The question is, why is one of those Republicans the Democratic leader in the Senate?
Tinidril
Gosh, I ignorantly thought the primary was where the delegates get chosen (based on a candidate they agree to choose at the convention), not the process of delegates selecting the candidate. I honestly had no idea that there was a published definition that would set me straight. Can you point me in that direction?
Still, I don't see the relevance since a primary that doesn't give citizens the opportunity to express support for a candidate can't tell us anything about support for that candidate. How we define "primary" really doesn't come into it.
Now that was definitely not a primary, not even a checking the box primary. That was a coronation, and the very event I asked if you opposed.
Anyways, it's absolutely clear to anyone seeing this that you're just a hack and not a serious person. I knew from the onset that was the best to be achieved.

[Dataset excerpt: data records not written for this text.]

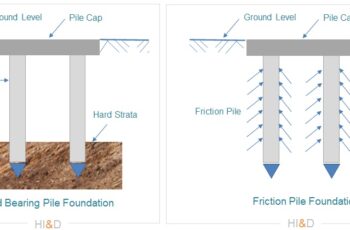 What Is a Foundation? Types and Design Basics What Is a Foundation? Types and Design Basics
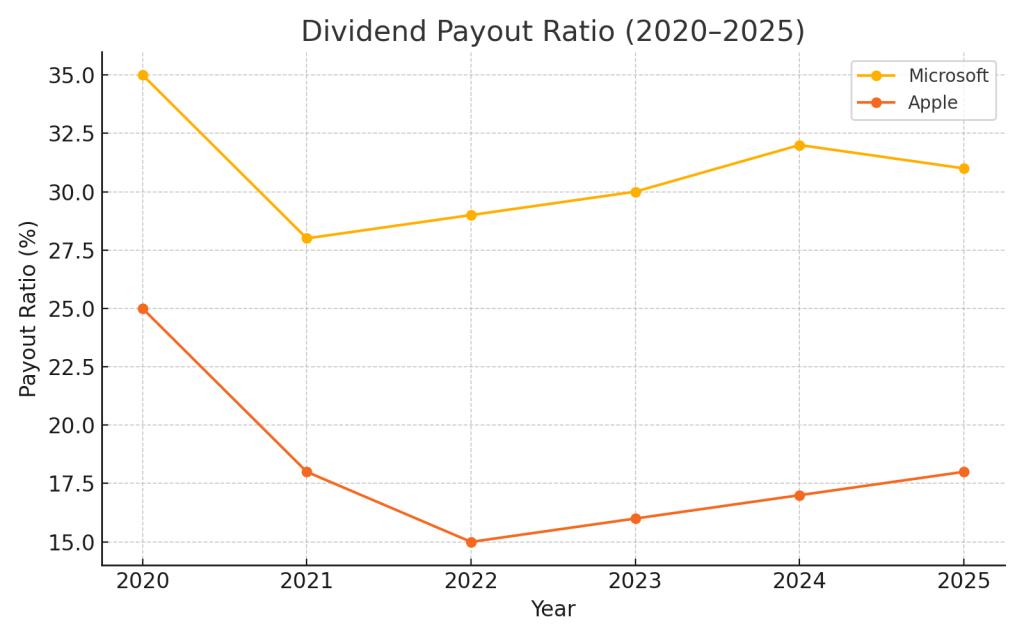 Line chart comparing dividend payout ratios of Microsoft and Apple from 2020 to 2025, showing Apple’s more conservative payout strategy.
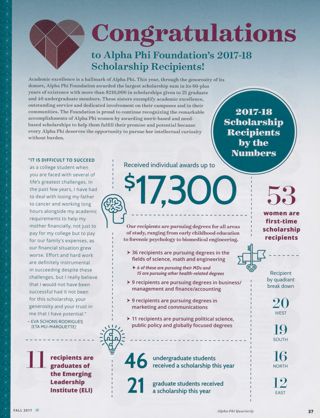 Congratulations to Alpha Phi Foundation's 2017-18 Scholarship Recipients!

I believe it was you who was talking about primaries, of which I pointed out that Harris never won any - even the one I "don't like". She participated in exactly one primary and had her ass handed to her.
Your argument was that Bernie obviously can't win a general because he couldn't win a primary. Do you, or do you not, apply that same logic to Harris, and did you oppose her nomination in 2024? Your argument is ridiculous in either case, but you could at least apply it consistently.
The donors call and Schumer comes running. He IS a Republican. Every once in a while he gets scared of a progressive challenger and makes pretty noises, but he's a prime example of Democrats as controlled opposition. He resists to exactly the degree that his handlers want him to resist.